Transcribe every record exactly as it appears.

Crawled caption data
►
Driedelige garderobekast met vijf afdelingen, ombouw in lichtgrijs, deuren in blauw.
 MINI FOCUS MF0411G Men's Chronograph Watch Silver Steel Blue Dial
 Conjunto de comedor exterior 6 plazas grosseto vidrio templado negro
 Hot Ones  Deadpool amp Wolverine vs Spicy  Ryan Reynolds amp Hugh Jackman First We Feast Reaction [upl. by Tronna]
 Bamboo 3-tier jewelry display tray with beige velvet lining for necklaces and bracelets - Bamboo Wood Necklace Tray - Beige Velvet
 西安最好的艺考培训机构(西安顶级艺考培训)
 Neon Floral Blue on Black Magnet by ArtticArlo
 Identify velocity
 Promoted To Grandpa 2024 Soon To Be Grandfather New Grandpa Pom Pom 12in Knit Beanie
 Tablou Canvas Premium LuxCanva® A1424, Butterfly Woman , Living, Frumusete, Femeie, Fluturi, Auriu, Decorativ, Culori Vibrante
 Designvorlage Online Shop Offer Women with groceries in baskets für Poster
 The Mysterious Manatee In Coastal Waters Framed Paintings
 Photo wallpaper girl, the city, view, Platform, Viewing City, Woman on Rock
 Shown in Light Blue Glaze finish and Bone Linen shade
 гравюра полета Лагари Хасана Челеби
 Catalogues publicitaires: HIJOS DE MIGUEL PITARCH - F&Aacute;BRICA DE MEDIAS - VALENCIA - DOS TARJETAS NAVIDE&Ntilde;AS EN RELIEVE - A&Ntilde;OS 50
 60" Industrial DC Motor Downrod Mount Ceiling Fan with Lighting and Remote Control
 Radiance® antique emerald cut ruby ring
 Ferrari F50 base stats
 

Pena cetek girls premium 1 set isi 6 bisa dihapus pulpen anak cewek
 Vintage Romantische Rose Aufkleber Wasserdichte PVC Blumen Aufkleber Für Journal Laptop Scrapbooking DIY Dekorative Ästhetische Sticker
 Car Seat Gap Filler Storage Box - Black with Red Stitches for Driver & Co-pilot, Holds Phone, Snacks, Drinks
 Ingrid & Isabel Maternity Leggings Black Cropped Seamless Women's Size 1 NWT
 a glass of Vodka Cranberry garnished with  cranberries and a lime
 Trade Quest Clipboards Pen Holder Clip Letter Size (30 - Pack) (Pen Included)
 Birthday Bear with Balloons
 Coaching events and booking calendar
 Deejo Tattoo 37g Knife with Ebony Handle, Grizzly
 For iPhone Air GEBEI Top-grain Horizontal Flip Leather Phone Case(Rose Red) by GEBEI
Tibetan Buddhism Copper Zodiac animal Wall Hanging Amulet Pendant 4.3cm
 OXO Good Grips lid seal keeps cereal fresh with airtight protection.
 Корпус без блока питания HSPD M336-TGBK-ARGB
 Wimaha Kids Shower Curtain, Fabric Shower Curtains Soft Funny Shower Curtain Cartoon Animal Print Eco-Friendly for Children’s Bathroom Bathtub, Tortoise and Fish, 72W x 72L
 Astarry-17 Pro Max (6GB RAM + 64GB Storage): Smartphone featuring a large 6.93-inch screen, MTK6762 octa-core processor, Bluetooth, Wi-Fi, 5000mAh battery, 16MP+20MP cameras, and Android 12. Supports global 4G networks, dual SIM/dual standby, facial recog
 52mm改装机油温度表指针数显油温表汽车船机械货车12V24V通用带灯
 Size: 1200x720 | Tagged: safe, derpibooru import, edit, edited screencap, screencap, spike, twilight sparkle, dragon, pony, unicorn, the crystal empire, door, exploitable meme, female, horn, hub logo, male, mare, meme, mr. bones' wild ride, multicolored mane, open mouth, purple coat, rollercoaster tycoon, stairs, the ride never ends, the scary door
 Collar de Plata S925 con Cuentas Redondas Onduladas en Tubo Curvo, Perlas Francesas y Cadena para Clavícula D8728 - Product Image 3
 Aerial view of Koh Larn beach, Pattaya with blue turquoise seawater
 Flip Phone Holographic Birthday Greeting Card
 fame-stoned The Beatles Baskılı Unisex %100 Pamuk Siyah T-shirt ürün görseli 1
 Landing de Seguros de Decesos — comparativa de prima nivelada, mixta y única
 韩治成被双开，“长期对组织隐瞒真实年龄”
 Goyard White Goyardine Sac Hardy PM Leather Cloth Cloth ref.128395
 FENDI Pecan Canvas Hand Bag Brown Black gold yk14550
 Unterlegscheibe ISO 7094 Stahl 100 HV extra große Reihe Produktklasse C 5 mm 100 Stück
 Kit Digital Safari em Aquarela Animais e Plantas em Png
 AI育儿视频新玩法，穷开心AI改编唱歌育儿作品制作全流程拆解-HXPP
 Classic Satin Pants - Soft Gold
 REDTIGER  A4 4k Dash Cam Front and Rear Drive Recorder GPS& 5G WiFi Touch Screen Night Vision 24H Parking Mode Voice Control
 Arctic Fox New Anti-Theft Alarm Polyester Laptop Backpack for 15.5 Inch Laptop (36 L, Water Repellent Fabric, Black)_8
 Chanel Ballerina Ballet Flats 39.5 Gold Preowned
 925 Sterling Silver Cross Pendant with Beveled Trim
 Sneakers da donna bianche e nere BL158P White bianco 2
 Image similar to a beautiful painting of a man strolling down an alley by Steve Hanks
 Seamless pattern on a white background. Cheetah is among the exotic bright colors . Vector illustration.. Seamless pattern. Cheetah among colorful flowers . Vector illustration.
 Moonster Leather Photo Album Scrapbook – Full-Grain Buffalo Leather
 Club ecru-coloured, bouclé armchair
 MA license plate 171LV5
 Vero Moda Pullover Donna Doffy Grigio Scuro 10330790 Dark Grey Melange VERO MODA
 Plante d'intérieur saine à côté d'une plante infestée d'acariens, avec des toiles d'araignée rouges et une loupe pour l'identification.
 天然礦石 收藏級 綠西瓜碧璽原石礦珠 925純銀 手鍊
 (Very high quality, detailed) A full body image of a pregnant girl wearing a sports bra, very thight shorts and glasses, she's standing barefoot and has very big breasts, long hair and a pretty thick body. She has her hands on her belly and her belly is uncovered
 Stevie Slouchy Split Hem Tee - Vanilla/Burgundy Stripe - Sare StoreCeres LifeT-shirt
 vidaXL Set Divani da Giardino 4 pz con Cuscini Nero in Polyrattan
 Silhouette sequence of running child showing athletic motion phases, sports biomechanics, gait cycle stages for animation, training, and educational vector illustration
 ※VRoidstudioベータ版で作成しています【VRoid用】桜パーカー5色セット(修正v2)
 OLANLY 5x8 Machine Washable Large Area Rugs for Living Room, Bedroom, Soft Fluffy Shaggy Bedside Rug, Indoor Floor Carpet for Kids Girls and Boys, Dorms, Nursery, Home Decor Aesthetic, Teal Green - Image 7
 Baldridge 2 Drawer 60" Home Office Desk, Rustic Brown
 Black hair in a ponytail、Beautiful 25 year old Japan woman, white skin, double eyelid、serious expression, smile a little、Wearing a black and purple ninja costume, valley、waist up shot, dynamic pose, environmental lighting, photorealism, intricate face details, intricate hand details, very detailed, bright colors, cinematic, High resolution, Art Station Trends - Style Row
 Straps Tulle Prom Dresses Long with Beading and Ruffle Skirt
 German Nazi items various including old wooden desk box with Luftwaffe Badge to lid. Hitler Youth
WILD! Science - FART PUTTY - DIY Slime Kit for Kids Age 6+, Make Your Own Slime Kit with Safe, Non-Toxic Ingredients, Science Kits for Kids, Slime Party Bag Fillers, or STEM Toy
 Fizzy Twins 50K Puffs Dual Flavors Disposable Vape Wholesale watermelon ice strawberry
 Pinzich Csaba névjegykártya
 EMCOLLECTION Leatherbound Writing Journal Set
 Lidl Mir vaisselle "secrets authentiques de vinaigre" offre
◄
=== Final answer ===
Driedelige garderobekast met vijf afdelingen, ombouw in lichtgrijs, deuren in blauw.
 MINI FOCUS MF0411G Men's Chronograph Watch Silver Steel Blue Dial
 Conjunto de comedor exterior 6 plazas grosseto vidrio templado negro
 Hot Ones  Deadpool amp Wolverine vs Spicy  Ryan Reynolds amp Hugh Jackman First We Feast Reaction [upl. by Tronna]
 Bamboo 3-tier jewelry display tray with beige velvet lining for necklaces and bracelets - Bamboo Wood Necklace Tray - Beige Velvet
 西安最好的艺考培训机构(西安顶级艺考培训)
 Neon Floral Blue on Black Magnet by ArtticArlo
 Identify velocity
 Promoted To Grandpa 2024 Soon To Be Grandfather New Grandpa Pom Pom 12in Knit Beanie
 Tablou Canvas Premium LuxCanva® A1424, Butterfly Woman , Living, Frumusete, Femeie, Fluturi, Auriu, Decorativ, Culori Vibrante
 Designvorlage Online Shop Offer Women with groceries in baskets für Poster
 The Mysterious Manatee In Coastal Waters Framed Paintings
 Photo wallpaper girl, the city, view, Platform, Viewing City, Woman on Rock
 Shown in Light Blue Glaze finish and Bone Linen shade
 гравюра полета Лагари Хасана Челеби
 Catalogues publicitaires: HIJOS DE MIGUEL PITARCH - F&Aacute;BRICA DE MEDIAS - VALENCIA - DOS TARJETAS NAVIDE&Ntilde;AS EN RELIEVE - A&Ntilde;OS 50
 60" Industrial DC Motor Downrod Mount Ceiling Fan with Lighting and Remote Control
 Radiance® antique emerald cut ruby ring
 Ferrari F50 base stats
 

Pena cetek girls premium 1 set isi 6 bisa dihapus pulpen anak cewek
 Vintage Romantische Rose Aufkleber Wasserdichte PVC Blumen Aufkleber Für Journal Laptop Scrapbooking DIY Dekorative Ästhetische Sticker
 Car Seat Gap Filler Storage Box - Black with Red Stitches for Driver & Co-pilot, Holds Phone, Snacks, Drinks
 Ingrid & Isabel Maternity Leggings Black Cropped Seamless Women's Size 1 NWT
 a glass of Vodka Cranberry garnished with  cranberries and a lime
 Trade Quest Clipboards Pen Holder Clip Letter Size (30 - Pack) (Pen Included)
 Birthday Bear with Balloons
 Coaching events and booking calendar
 Deejo Tattoo 37g Knife with Ebony Handle, Grizzly
 For iPhone Air GEBEI Top-grain Horizontal Flip Leather Phone Case(Rose Red) by GEBEI
Tibetan Buddhism Copper Zodiac animal Wall Hanging Amulet Pendant 4.3cm
 OXO Good Grips lid seal keeps cereal fresh with airtight protection.
 Корпус без блока питания HSPD M336-TGBK-ARGB
 Wimaha Kids Shower Curtain, Fabric Shower Curtains Soft Funny Shower Curtain Cartoon Animal Print Eco-Friendly for Children’s Bathroom Bathtub, Tortoise and Fish, 72W x 72L
 Astarry-17 Pro Max (6GB RAM + 64GB Storage): Smartphone featuring a large 6.93-inch screen, MTK6762 octa-core processor, Bluetooth, Wi-Fi, 5000mAh battery, 16MP+20MP cameras, and Android 12. Supports global 4G networks, dual SIM/dual standby, facial recog
 52mm改装机油温度表指针数显油温表汽车船机械货车12V24V通用带灯
 Size: 1200x720 | Tagged: safe, derpibooru import, edit, edited screencap, screencap, spike, twilight sparkle, dragon, pony, unicorn, the crystal empire, door, exploitable meme, female, horn, hub logo, male, mare, meme, mr. bones' wild ride, multicolored mane, open mouth, purple coat, rollercoaster tycoon, stairs, the ride never ends, the scary door
 Collar de Plata S925 con Cuentas Redondas Onduladas en Tubo Curvo, Perlas Francesas y Cadena para Clavícula D8728 - Product Image 3
 Aerial view of Koh Larn beach, Pattaya with blue turquoise seawater
 Flip Phone Holographic Birthday Greeting Card
 fame-stoned The Beatles Baskılı Unisex %100 Pamuk Siyah T-shirt ürün görseli 1
 Landing de Seguros de Decesos — comparativa de prima nivelada, mixta y única
 韩治成被双开，“长期对组织隐瞒真实年龄”
 Goyard White Goyardine Sac Hardy PM Leather Cloth Cloth ref.128395
 FENDI Pecan Canvas Hand Bag Brown Black gold yk14550
 Unterlegscheibe ISO 7094 Stahl 100 HV extra große Reihe Produktklasse C 5 mm 100 Stück
 Kit Digital Safari em Aquarela Animais e Plantas em Png
 AI育儿视频新玩法，穷开心AI改编唱歌育儿作品制作全流程拆解-HXPP
 Classic Satin Pants - Soft Gold
 REDTIGER  A4 4k Dash Cam Front and Rear Drive Recorder GPS& 5G WiFi Touch Screen Night Vision 24H Parking Mode Voice Control
 Arctic Fox New Anti-Theft Alarm Polyester Laptop Backpack for 15.5 Inch Laptop (36 L, Water Repellent Fabric, Black)_8
 Chanel Ballerina Ballet Flats 39.5 Gold Preowned
 925 Sterling Silver Cross Pendant with Beveled Trim
 Sneakers da donna bianche e nere BL158P White bianco 2
 Image similar to a beautiful painting of a man strolling down an alley by Steve Hanks
 Seamless pattern on a white background. Cheetah is among the exotic bright colors . Vector illustration.. Seamless pattern. Cheetah among colorful flowers . Vector illustration.
 Moonster Leather Photo Album Scrapbook – Full-Grain Buffalo Leather
 Club ecru-coloured, bouclé armchair
 MA license plate 171LV5
 Vero Moda Pullover Donna Doffy Grigio Scuro 10330790 Dark Grey Melange VERO MODA
 Plante d'intérieur saine à côté d'une plante infestée d'acariens, avec des toiles d'araignée rouges et une loupe pour l'identification.
 天然礦石 收藏級 綠西瓜碧璽原石礦珠 925純銀 手鍊
 (Very high quality, detailed) A full body image of a pregnant girl wearing a sports bra, very thight shorts and glasses, she's standing barefoot and has very big breasts, long hair and a pretty thick body. She has her hands on her belly and her belly is uncovered
 Stevie Slouchy Split Hem Tee - Vanilla/Burgundy Stripe - Sare StoreCeres LifeT-shirt
 vidaXL Set Divani da Giardino 4 pz con Cuscini Nero in Polyrattan
 Silhouette sequence of running child showing athletic motion phases, sports biomechanics, gait cycle stages for animation, training, and educational vector illustration
 ※VRoidstudioベータ版で作成しています【VRoid用】桜パーカー5色セット(修正v2)
 OLANLY 5x8 Machine Washable Large Area Rugs for Living Room, Bedroom, Soft Fluffy Shaggy Bedside Rug, Indoor Floor Carpet for Kids Girls and Boys, Dorms, Nursery, Home Decor Aesthetic, Teal Green - Image 7
 Baldridge 2 Drawer 60" Home Office Desk, Rustic Brown
 Black hair in a ponytail、Beautiful 25 year old Japan woman, white skin, double eyelid、serious expression, smile a little、Wearing a black and purple ninja costume, valley、waist up shot, dynamic pose, environmental lighting, photorealism, intricate face details, intricate hand details, very detailed, bright colors, cinematic, High resolution, Art Station Trends - Style Row
 Straps Tulle Prom Dresses Long with Beading and Ruffle Skirt
 German Nazi items various including old wooden desk box with Luftwaffe Badge to lid. Hitler Youth
WILD! Science - FART PUTTY - DIY Slime Kit for Kids Age 6+, Make Your Own Slime Kit with Safe, Non-Toxic Ingredients, Science Kits for Kids, Slime Party Bag Fillers, or STEM Toy
 Fizzy Twins 50K Puffs Dual Flavors Disposable Vape Wholesale watermelon ice strawberry
 Pinzich Csaba névjegykártya
 EMCOLLECTION Leatherbound Writing Journal Set
 Lidl Mir vaisselle "secrets authentiques de vinaigre" offre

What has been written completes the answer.